Americans trail 'thoughful' Europeans
Insurers invest massive amounts of money in sprawling portfolios, about $16.6 trillion in 2005. Regulators and environmentalists are paying greater attention to those assets. Real estate holdings might become imperiled from sea level rise, for example, and investments in utilities could be threatened by regulations curtailing carbon emissions.
Last year, the industry invested $11 billion in "low- and no-carbon technologies," the report found. That's almost twice as much as in 2007.
Yet the report said that amount is "a vanishingly small proportion" of the industry's total investments. Logan wonders if the industry is "even paying attention" to climate risks on its assets. "They're really behind the ball," he added.
Climate leaders within the industry are hesitant to criticize slower-moving companies, saying every outfit faces different risks, often determined by regional weather events, local markets and unique financial capacity. Changing climate science and behavior-changing effects that new policies, like those based on miles driven, could have on revenue make climate change a daunting, but potentially lucrative adventure, many industry officials say.

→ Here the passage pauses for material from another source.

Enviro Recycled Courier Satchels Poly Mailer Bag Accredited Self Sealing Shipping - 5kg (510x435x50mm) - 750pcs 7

"I see this is as the early stage of the industry coming to terms with the risks and opportunities of climate change," said Frank Nutter, president of the Reinsurance Association of America, a leader on the issue. "I think Europeans continue to be more thoughtful about climate change."
Frustration: Insurers are not environmentalists
Considerable activity is occurring around green buildings. At least 22 insurers now offer nearly 40 products that encourage the use of techniques to save energy in new construction, upgrades and rebuilds, the report says. Advances have occurred not only in the quantity of these policies but in their sophistication, Mills said.
With U.S. buildings accounting for 38 percent of the nation's emissions, those policies can take the punch out of global warming. Green building standards can reduce greenhouse gas output by 50 percent, the report says.
"Industry awareness is increasing," said Lindene Patton, who is in charge of creating new policies related to climate change for Zurich Financial Services. The European company is offering one of the first programs to underwrite liability associated with carbon capture and sequestration.
Still, insurers face challenges ahead, she said. Better policies to lessen the physical -- and financial -- impacts of floods, hurricanes and storm surges are needed. That needs to be done not just for the environment but for the industry. Insurers are the first to absorb the financial gut punch from big storms, having to rebuild communities, pay lost revenue and shoulder other costs when prices are high during natural catastrophes.
"We are a shock absorber," Patton said.
Awareness 'still in its infancy'
While the report is generally positive about insurers' response to climate change, it does say the industry is "still in its infancy" in terms of understanding and adapting to environmental changes.
Some industry officials believe insurers are being pressured to advance political motives related to reducing emissions. A big industry can be influential, they believe, and environmental advocates would like insurers in their corner.
But unlike other risks that insurers have helped mitigate, such as when the industry tackled car safety by imposing seat belt standards, the effects of climate change are not as easily determined. Weather is sporadic, and the effects are random and local. Meanwhile, scientific findings are always changing, these officials say.
It's unknown if new policies contoured around those risks will be profitable, said David Kodama, a climate policy expert with the Property Casualty Insurers Association of America.
"It's great to say green roofs will be good for the environment," he said. "But at the end of the day, our responsibility is to our shareholders."